Back to the Big Place



The other day, Niles took me to another Big Place to look at things. This time we went to the Big K Place.

This is the first time I've seen Martha Stewart's line at K-Mart. I must say it's hard to reject the suspicion that household-furnishings slut Martha has promiscuously spread her brand name on any item that would have her. Unlike Target's Michael Graves line, Martha's line doesn't look like the non-designer stuff I've been accumulating all these years. In fact, it seems as if all you need to be Martha is color. A towel's just a towel, but if it's a yellow towel with little birdies or fishies on it, it's Martha.

I was, of course, eager to check out Martha's idea of a toilet brush, after my encounter with the Michael Graves toilet brush the other day. Here I was pleasantly surprised. While the container housing Martha's brush was not quite as elegant as Michael's, hers was eminently more practical. It did not have a "lid" attached to the brush; here the lid was integral to the "vase", which had a large egress in the back for the brush to slip through. Turn the hole to the front to use, and to the back to hide from yourself the fact that your toilet ever becomes unclean. (Sadly, I found no image of this).
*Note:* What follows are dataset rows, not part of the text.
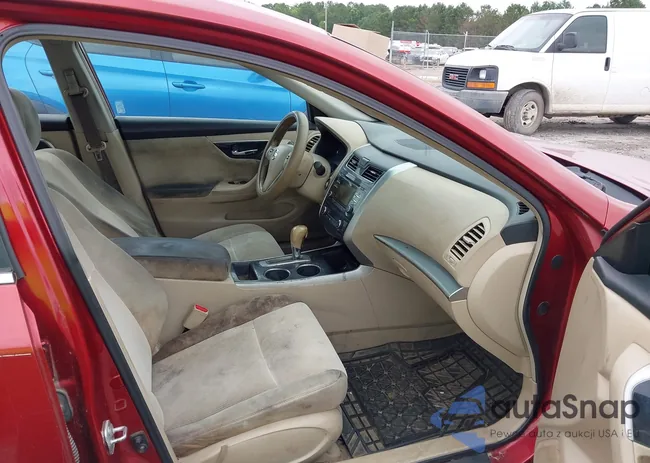 1N4AL3AP9DC186446: 42467546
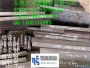 歡迎咨訊海南1.4866不銹鋼化學成分##1.4866板材恒鑫鋼材
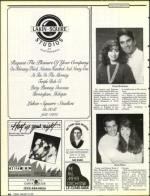 image of January 25, 1991 - number 90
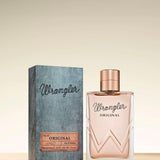 Tru Fragrance Wrangler Perfume for Women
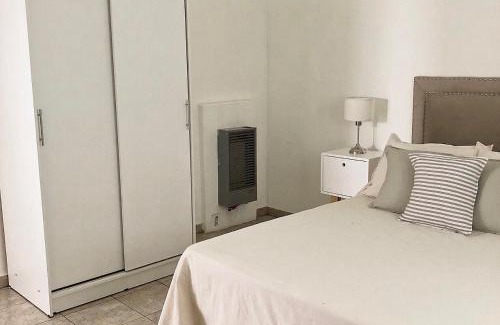 El Calafate Apartment | Calafate Drome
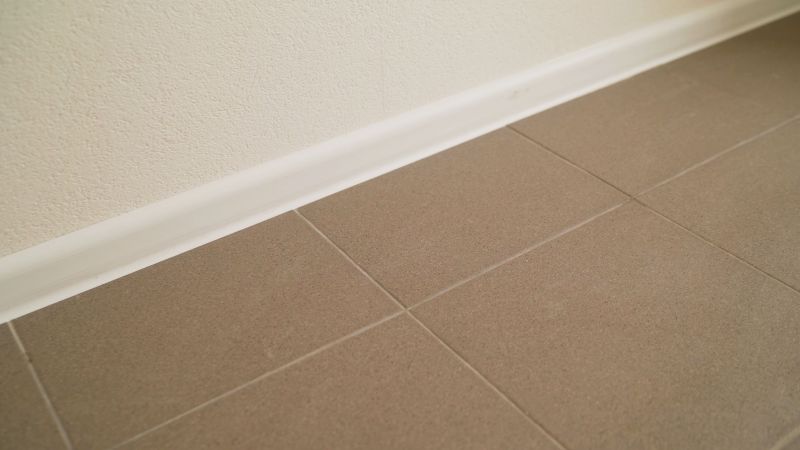 House Skirting Installation in Conroe, TX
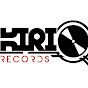 Kiri Recordstz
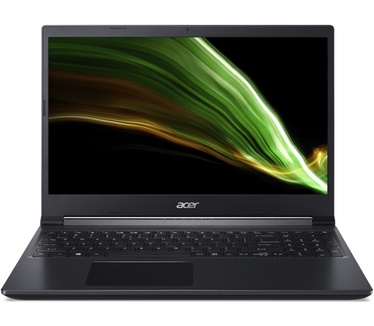 Acer A715-42G-R6R8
Hers also came in colors other than white. Advantage: Martha.

Here's a page talking about the democritization of design, as I try flailingly tried to do in my last post. It smacks a bit of pandering to the snoot set, however, when it says that K-Mart has never been accused of having good-looking wares. I admit it's never been famous for that, but I've bought stuff there that was every bit as good-looking as their Martha Stewart stuff. It just didn't have Martha's name on it. I believe what they've done is just slap Martha's name on anything that wasn't outright ugly.

The passion for design seems to have bitten my boyfriend. I come back from three long years in furrin parts to find that he's color-coordinated the bathroom. Before, he just bought things that he thought were pretty or interesting, and just slapped them together. Now the white bathroom has all dark blue accessories. I had to compliment him:

I find the chill Manichean dualism relaxing.
Er, ahhhh....?
I like it.
Oh!

Though to be sure, if it were entirely up to me, I'd have this instead.

I wonder if I can get paid to review toilet brushes...

UPDATE: September 10. Assuming there is a gig reviewing toilet brushes out there, I'd like to let it be known that Wal-Mart's toilet brushes---which have no pretenses to design---are indeed less sleek and beautiful than either Martha Stewart's or Michael Graves's.